TASK ITEM -> All that is wanted is the exact lines from the one with "CASO Microonde - M20 ECO Style - immagine 2" through the last line of the entries, with both ends kept and every picture left out.

═══ DATA TO EXAMINE

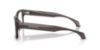 Picture of Versace Eyeglasses VE3391U
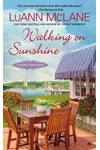 Walking on Sunshine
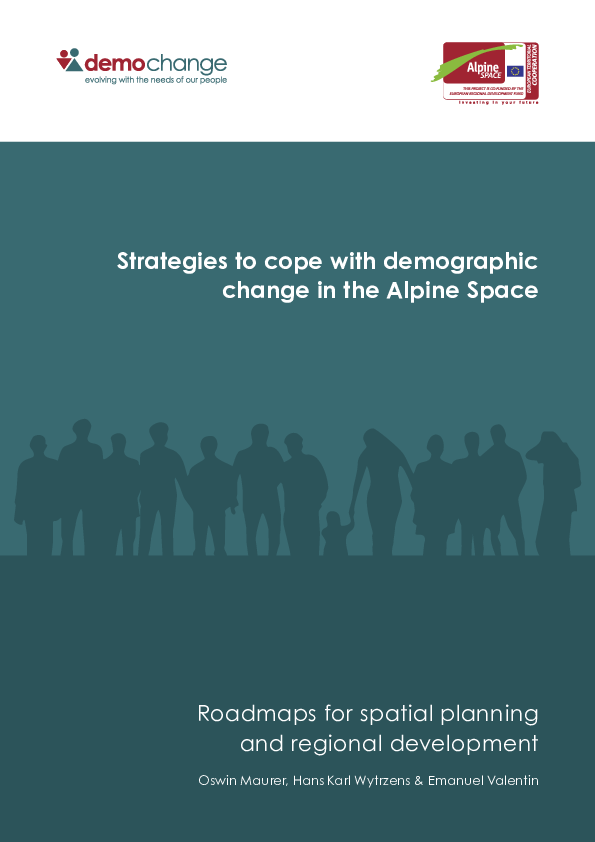 How to make essays longer picture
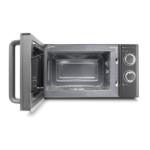 CASO Microonde - M20 ECO Style - immagine 2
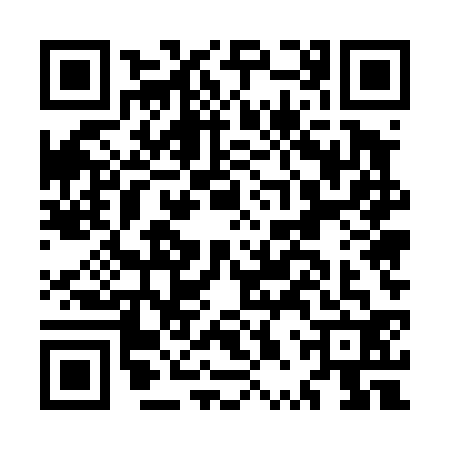 QR code for MPU4327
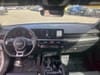 15 thumbnail image of  2025 Kia K5 GT-Line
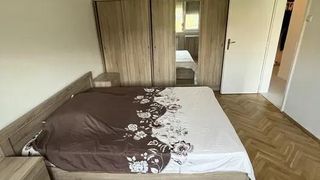 Двустаен Наеми, Изток, София (5)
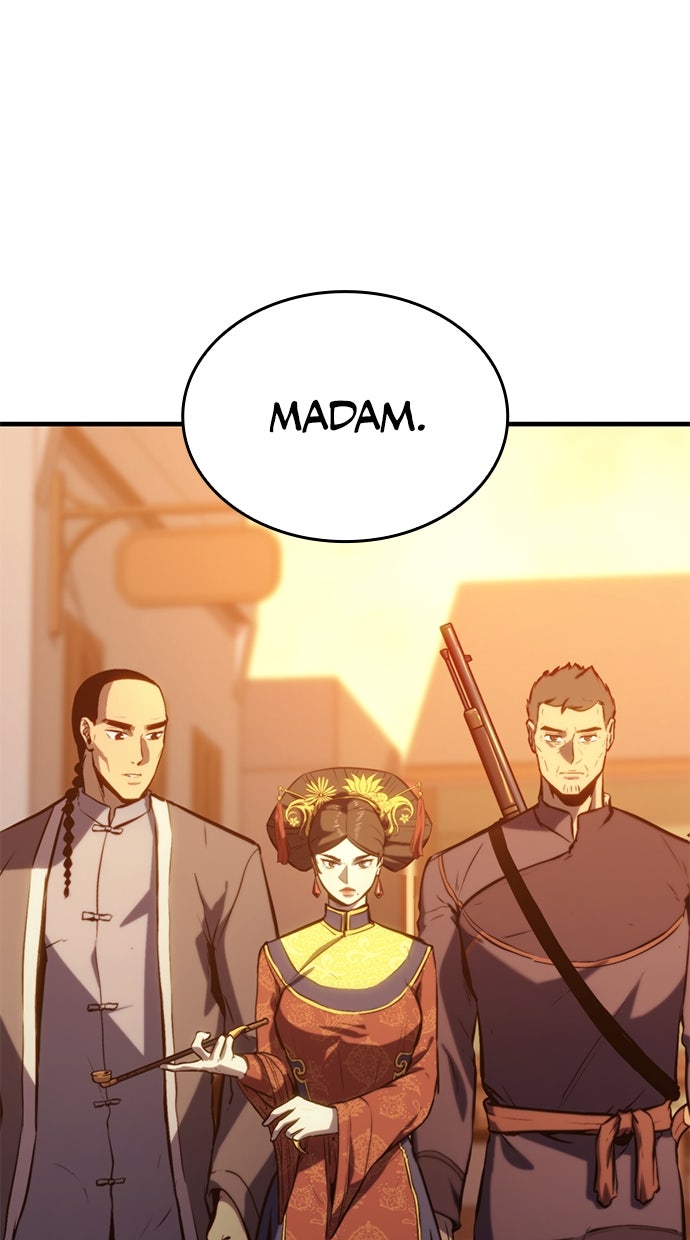 Baca Assassin's Creed - Chapter 16 halaman 46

══════

RESPONSE AREA ->
 CASO Microonde - M20 ECO Style - immagine 2
 QR code for MPU4327
 15 thumbnail image of  2025 Kia K5 GT-Line
 Двустаен Наеми, Изток, София (5)
 Baca Assassin's Creed - Chapter 16 halaman 46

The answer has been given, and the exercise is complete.